# Given material
- - -
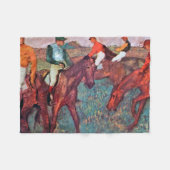 Couverture Polaire Jockey et cheval, Edgar Degas (Devant (Horizontal))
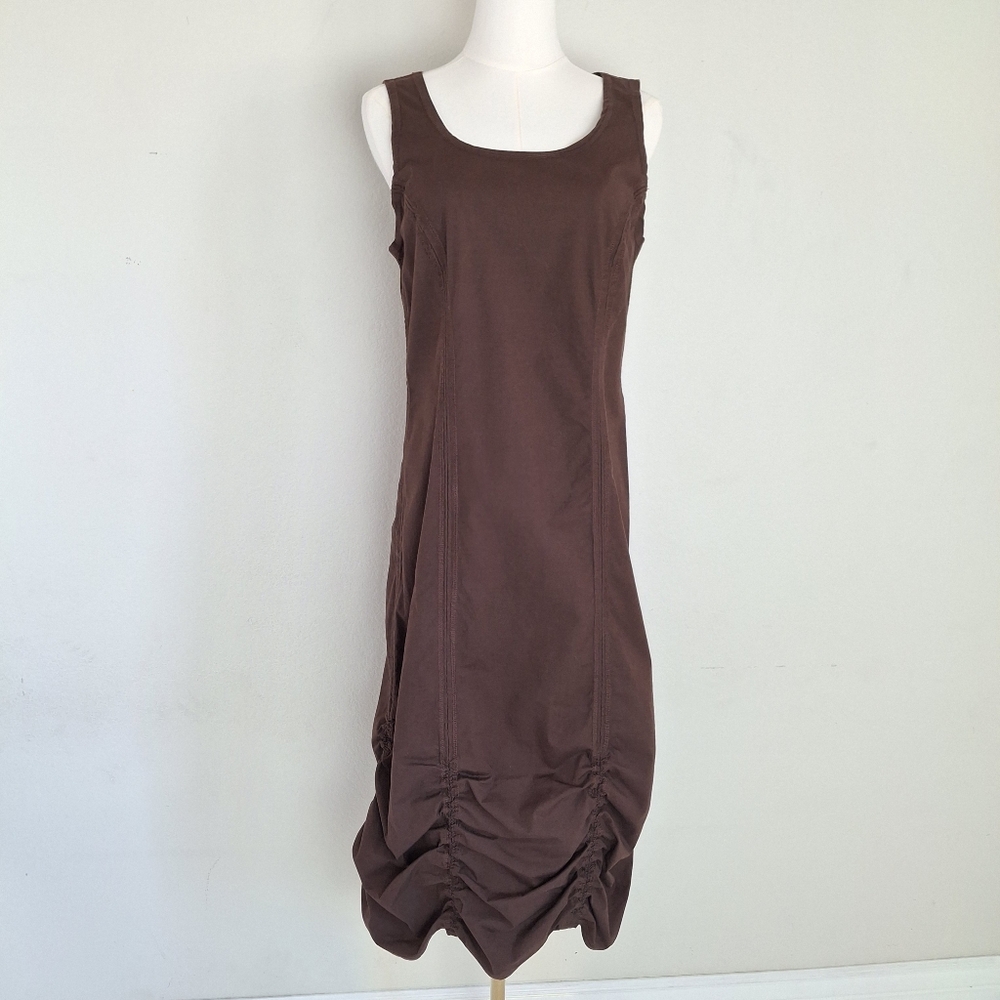 Cut Loose Sleeveless Ruched Bubble Hem Midi Dress NWT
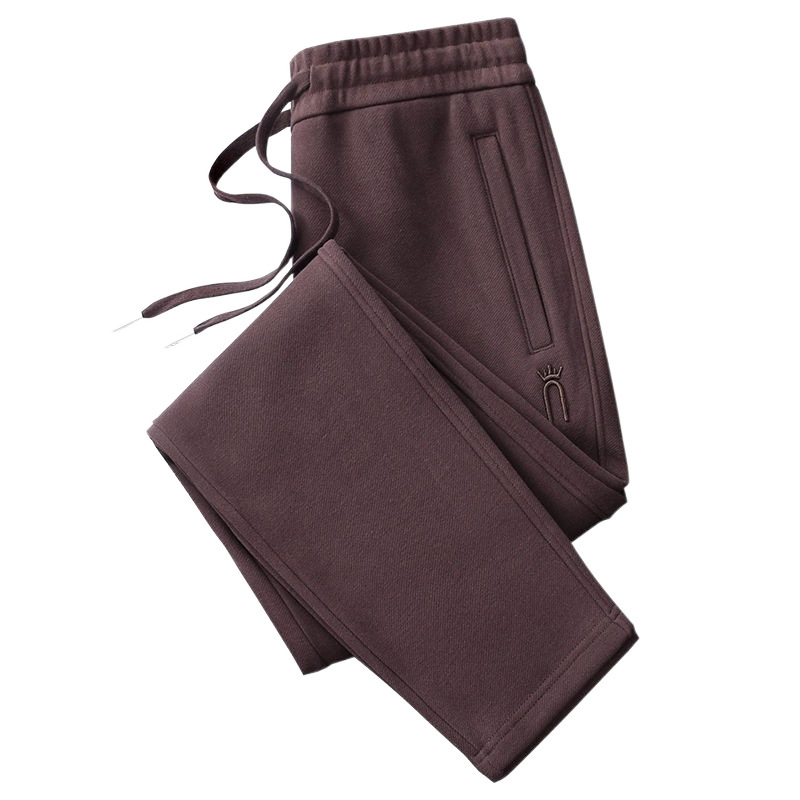 Moteriškos sportinės kelnės su polaru pledo įdaru, žiemai 2023, aukštas juosmuo, tiesus kirpimas, kasdienis miesto stilius, medvilnė >95%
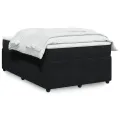 cadre de lit avec matelas noir 120x190 cm velours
- - -
# Description of the task
Print the listing again exactly, please. Keep the pictures out of it.

# Response to this task
 Couverture Polaire Jockey et cheval, Edgar Degas (Devant (Horizontal))
 Cut Loose Sleeveless Ruched Bubble Hem Midi Dress NWT
 Moteriškos sportinės kelnės su polaru pledo įdaru, žiemai 2023, aukštas juosmuo, tiesus kirpimas, kasdienis miesto stilius, medvilnė >95%
 cadre de lit avec matelas noir 120x190 cm velours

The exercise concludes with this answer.